BEGIN

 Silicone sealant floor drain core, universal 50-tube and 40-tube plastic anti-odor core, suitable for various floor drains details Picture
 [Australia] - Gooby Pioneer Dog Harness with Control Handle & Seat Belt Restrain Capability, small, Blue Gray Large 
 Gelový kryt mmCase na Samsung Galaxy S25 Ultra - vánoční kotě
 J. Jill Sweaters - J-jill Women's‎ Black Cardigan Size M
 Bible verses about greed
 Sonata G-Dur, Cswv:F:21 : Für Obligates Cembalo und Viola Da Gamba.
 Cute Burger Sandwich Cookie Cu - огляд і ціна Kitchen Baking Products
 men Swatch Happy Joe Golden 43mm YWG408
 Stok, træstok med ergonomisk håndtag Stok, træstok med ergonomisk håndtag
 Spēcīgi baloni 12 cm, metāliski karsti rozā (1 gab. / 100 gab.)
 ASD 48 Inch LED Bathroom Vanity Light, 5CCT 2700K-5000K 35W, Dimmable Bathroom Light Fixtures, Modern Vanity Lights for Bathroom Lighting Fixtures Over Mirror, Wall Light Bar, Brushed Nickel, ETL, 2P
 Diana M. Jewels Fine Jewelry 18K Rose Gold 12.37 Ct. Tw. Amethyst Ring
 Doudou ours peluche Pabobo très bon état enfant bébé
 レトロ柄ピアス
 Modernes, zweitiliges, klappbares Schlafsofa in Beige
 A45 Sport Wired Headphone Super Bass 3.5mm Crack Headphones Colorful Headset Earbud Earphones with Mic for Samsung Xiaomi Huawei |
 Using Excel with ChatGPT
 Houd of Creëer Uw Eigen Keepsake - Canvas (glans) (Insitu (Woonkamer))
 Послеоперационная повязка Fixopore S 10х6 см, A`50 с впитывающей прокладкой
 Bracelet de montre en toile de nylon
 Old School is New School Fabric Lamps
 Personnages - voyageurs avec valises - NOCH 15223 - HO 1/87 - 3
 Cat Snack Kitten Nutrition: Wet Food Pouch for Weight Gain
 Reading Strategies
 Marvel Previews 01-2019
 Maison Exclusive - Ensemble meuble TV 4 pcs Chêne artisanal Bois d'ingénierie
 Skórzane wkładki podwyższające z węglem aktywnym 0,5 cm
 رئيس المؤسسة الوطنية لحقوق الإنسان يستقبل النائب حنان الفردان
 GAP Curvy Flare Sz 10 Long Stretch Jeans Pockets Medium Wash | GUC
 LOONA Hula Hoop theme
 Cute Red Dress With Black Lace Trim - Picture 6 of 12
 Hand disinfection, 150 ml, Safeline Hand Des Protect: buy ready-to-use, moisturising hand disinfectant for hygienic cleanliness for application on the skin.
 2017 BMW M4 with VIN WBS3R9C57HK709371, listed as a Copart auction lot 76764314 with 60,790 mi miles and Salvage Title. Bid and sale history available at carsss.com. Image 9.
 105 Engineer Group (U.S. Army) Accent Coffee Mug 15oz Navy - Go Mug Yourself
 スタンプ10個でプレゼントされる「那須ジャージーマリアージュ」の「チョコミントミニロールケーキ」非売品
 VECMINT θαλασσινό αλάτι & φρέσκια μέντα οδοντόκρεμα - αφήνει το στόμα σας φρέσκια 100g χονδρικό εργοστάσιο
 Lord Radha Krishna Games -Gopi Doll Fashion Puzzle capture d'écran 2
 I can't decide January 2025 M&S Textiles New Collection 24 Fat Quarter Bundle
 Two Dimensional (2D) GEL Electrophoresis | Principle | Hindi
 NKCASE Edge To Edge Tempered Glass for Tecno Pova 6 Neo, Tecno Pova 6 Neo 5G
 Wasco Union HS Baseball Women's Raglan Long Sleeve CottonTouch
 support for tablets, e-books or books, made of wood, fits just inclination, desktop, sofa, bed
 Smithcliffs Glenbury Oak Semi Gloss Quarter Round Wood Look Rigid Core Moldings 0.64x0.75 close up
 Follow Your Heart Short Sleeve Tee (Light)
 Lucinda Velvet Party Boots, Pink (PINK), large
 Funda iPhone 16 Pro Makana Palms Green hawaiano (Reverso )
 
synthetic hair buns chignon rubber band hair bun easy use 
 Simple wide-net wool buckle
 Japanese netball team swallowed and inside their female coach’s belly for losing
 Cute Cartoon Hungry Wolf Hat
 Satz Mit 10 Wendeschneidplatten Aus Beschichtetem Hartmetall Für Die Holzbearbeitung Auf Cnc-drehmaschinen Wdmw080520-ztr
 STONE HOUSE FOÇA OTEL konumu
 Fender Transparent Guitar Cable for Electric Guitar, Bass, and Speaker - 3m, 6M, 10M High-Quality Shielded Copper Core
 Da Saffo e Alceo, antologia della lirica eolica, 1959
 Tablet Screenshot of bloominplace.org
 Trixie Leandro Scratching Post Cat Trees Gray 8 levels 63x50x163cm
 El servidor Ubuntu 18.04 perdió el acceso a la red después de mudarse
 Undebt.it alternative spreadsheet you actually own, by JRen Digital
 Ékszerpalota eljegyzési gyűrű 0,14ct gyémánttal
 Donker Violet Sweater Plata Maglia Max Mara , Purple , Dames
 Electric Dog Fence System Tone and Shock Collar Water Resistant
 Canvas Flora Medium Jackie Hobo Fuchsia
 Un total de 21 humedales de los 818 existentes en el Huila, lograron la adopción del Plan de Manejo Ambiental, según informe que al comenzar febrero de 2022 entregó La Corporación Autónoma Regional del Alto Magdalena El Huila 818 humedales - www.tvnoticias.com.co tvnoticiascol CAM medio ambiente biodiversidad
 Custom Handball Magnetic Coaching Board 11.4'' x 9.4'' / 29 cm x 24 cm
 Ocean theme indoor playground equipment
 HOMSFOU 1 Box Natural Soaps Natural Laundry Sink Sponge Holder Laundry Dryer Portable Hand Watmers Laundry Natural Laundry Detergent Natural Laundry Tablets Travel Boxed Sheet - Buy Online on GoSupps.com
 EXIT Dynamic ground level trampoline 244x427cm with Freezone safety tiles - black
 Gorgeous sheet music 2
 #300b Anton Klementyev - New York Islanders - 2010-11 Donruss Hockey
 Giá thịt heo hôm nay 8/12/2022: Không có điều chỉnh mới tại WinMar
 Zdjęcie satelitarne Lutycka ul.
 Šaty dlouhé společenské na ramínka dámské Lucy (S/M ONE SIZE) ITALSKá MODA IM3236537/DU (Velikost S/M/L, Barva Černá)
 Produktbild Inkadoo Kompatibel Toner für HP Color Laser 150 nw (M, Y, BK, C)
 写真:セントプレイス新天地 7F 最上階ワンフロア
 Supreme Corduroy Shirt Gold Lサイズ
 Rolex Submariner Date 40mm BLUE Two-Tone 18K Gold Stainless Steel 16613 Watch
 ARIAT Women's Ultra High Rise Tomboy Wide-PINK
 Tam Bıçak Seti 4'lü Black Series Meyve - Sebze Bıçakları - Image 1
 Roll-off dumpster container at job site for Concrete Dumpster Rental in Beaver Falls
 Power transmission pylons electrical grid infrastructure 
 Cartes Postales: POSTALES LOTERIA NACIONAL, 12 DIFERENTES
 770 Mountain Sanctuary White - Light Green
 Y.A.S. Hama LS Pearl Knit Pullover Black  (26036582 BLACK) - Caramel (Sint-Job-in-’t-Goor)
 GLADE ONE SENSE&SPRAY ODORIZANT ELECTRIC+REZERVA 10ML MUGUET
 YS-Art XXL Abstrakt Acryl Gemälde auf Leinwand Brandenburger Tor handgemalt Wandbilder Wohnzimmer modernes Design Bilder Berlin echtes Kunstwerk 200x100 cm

END

» **REQUIRED WORK**
From the line that has "J. Jill Sweaters" through the line that has "Modernes, zweitiliges, klappbares", copy every line exactly as it appears above, and leave out all others.

» **TASK SOLUTION**
 J. Jill Sweaters - J-jill Women's‎ Black Cardigan Size M
 Bible verses about greed
 Sonata G-Dur, Cswv:F:21 : Für Obligates Cembalo und Viola Da Gamba.
 Cute Burger Sandwich Cookie Cu - огляд і ціна Kitchen Baking Products
 men Swatch Happy Joe Golden 43mm YWG408
 Stok, træstok med ergonomisk håndtag Stok, træstok med ergonomisk håndtag
 Spēcīgi baloni 12 cm, metāliski karsti rozā (1 gab. / 100 gab.)
 ASD 48 Inch LED Bathroom Vanity Light, 5CCT 2700K-5000K 35W, Dimmable Bathroom Light Fixtures, Modern Vanity Lights for Bathroom Lighting Fixtures Over Mirror, Wall Light Bar, Brushed Nickel, ETL, 2P
 Diana M. Jewels Fine Jewelry 18K Rose Gold 12.37 Ct. Tw. Amethyst Ring
 Doudou ours peluche Pabobo très bon état enfant bébé
 レトロ柄ピアス
 Modernes, zweitiliges, klappbares Schlafsofa in Beige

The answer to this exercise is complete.